[[ Stored data, beginning ]]
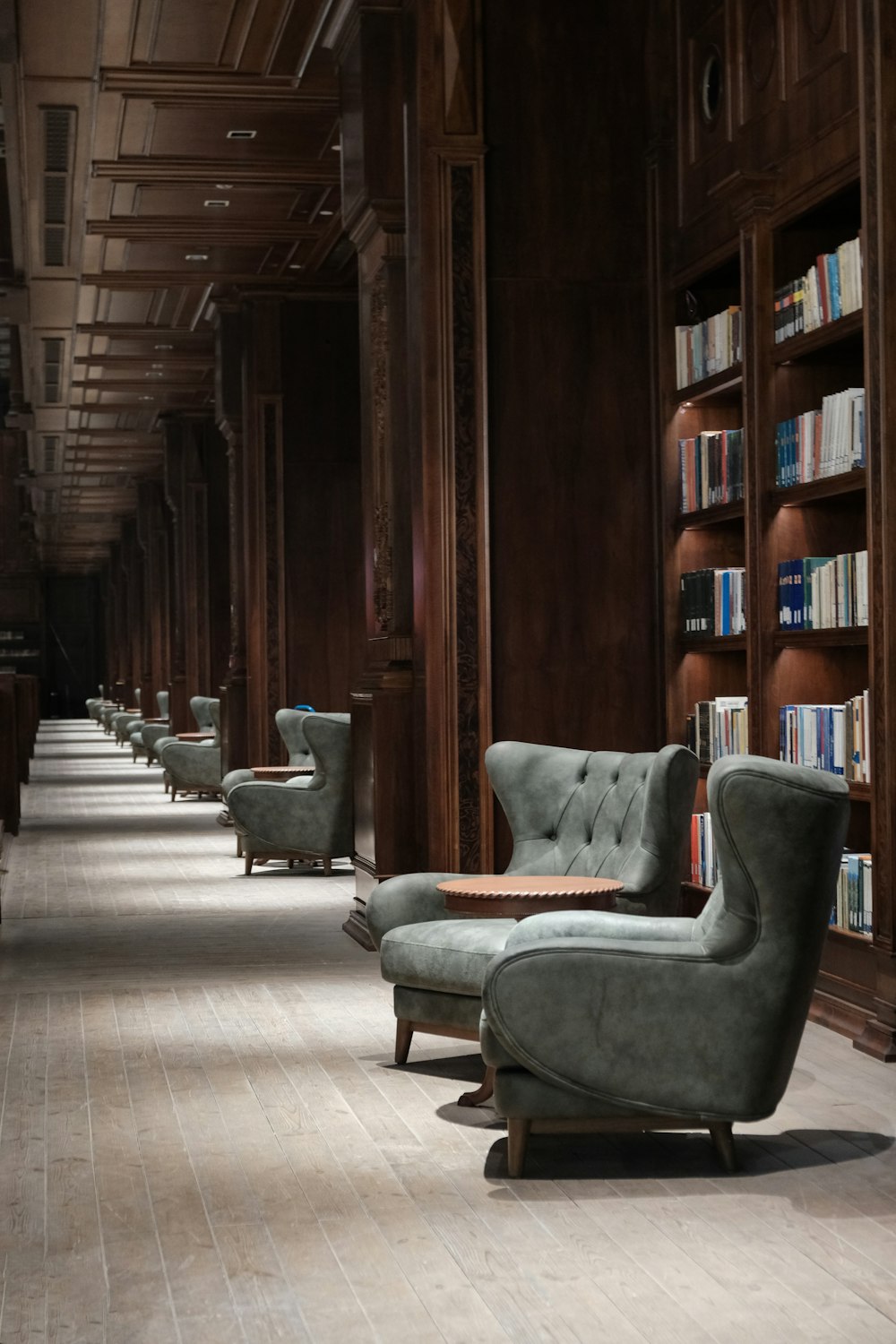 gray padded armchairs on brown wooden floor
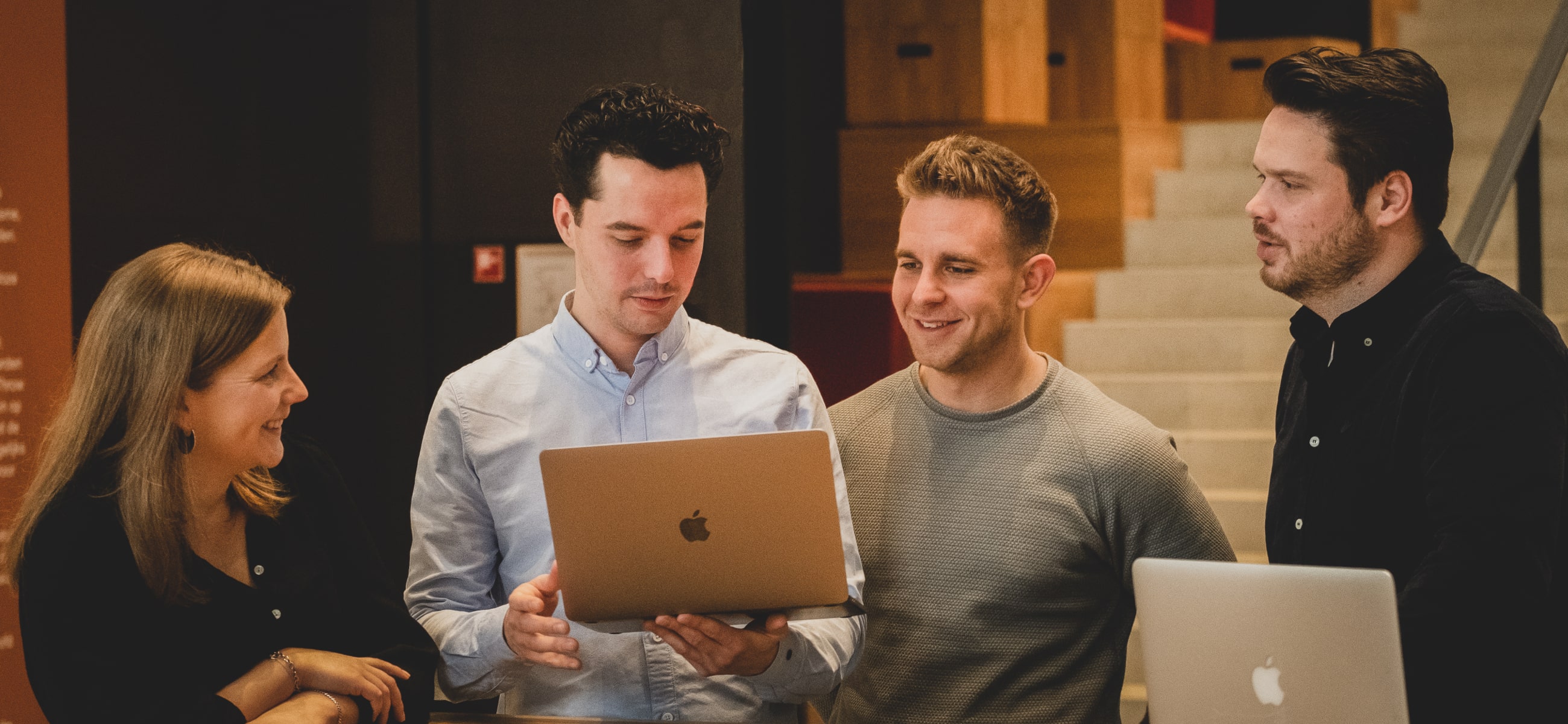 Een foto van Steven Oosterbeek, de oprichter van Stooseflow, die staat en omringd wordt door drie mensen die naar het scherm van zijn laptop kijken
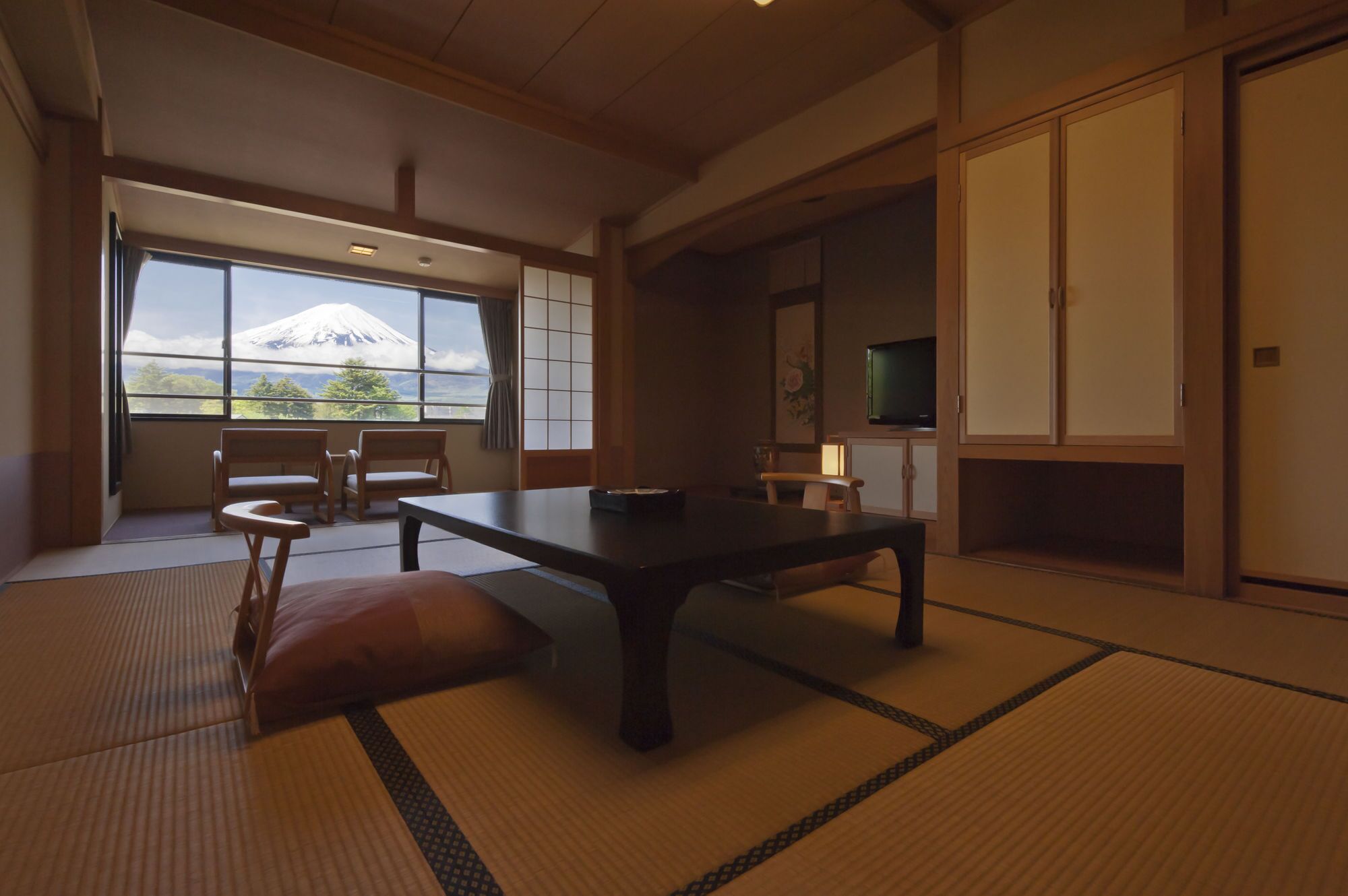 Ein traditioneller japanischer Raum mit Tatami-Böden, einem niedrigen Tisch und Blick auf den Fuji durch ein großes Fenster.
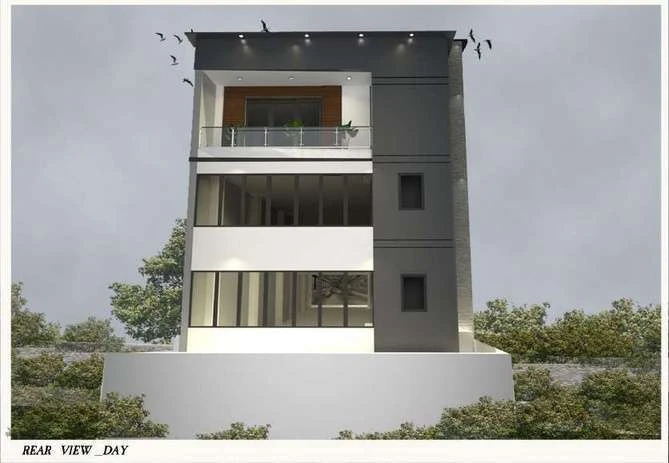 Rear view of the building in daylight showing the grey panel field and terrace railing.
[[ Stored data, end ]]
#### Work request:
The material above should be printed again exactly, with each picture left out.

#### Solution to this problem:
 gray padded armchairs on brown wooden floor
 Een foto van Steven Oosterbeek, de oprichter van Stooseflow, die staat en omringd wordt door drie mensen die naar het scherm van zijn laptop kijken
 Ein traditioneller japanischer Raum mit Tatami-Böden, einem niedrigen Tisch und Blick auf den Fuji durch ein großes Fenster.
 Rear view of the building in daylight showing the grey panel field and terrace railing.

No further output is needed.